__Provided data__
BEGIN
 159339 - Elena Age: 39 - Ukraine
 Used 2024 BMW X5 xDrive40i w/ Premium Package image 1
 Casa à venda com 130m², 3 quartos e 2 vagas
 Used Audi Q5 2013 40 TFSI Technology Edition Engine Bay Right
END
BEGIN
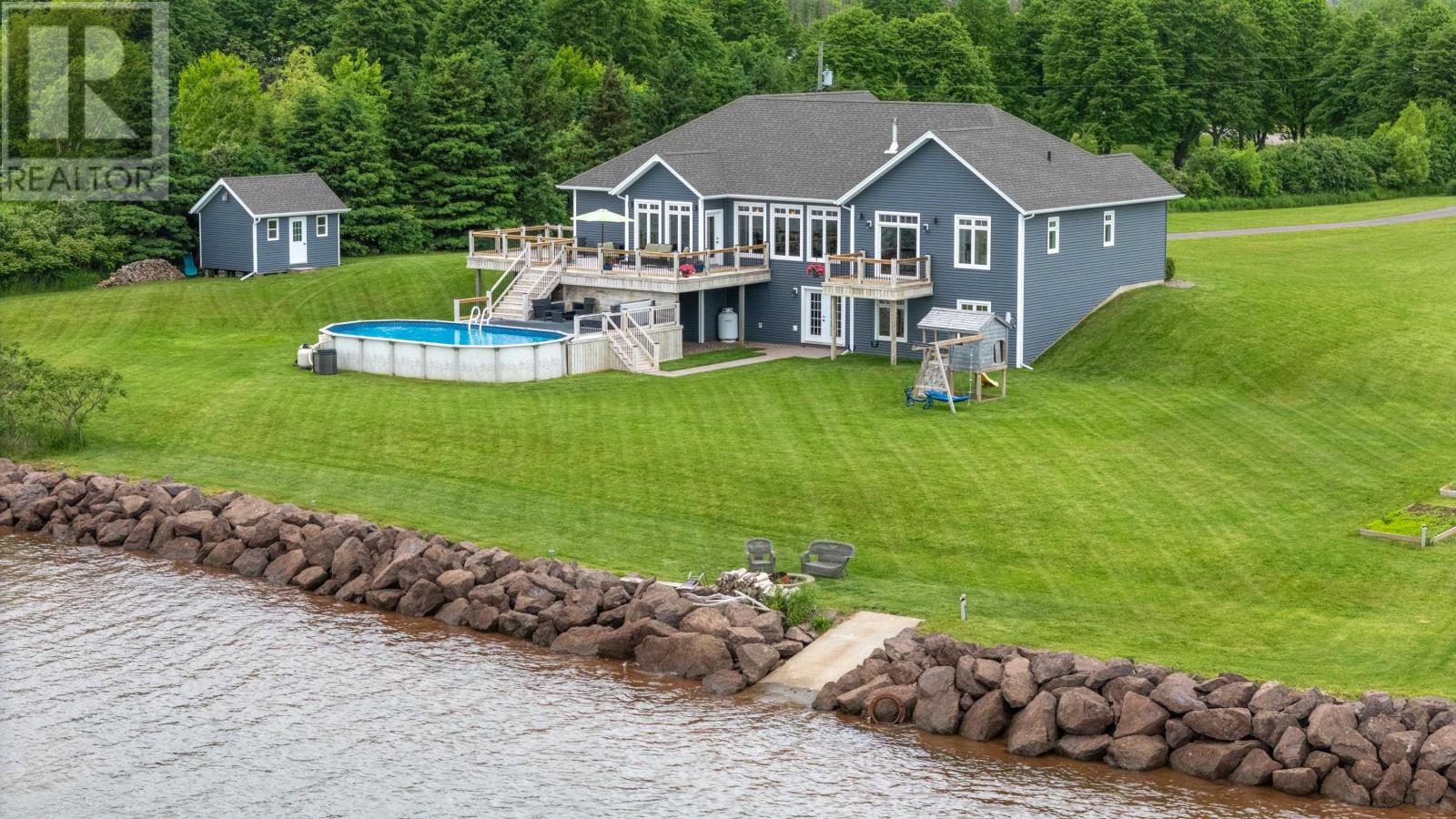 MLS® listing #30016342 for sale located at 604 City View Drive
END
__Task brief__
Reproduce exactly, and only, the part of the listing above that begins at the line with "159339 - Elena Age: 39 - Ukraine" and goes on through the line with "Used Audi Q5".

__Output__
 159339 - Elena Age: 39 - Ukraine
 Used 2024 BMW X5 xDrive40i w/ Premium Package image 1
 Casa à venda com 130m², 3 quartos e 2 vagas
 Used Audi Q5 2013 40 TFSI Technology Edition Engine Bay Right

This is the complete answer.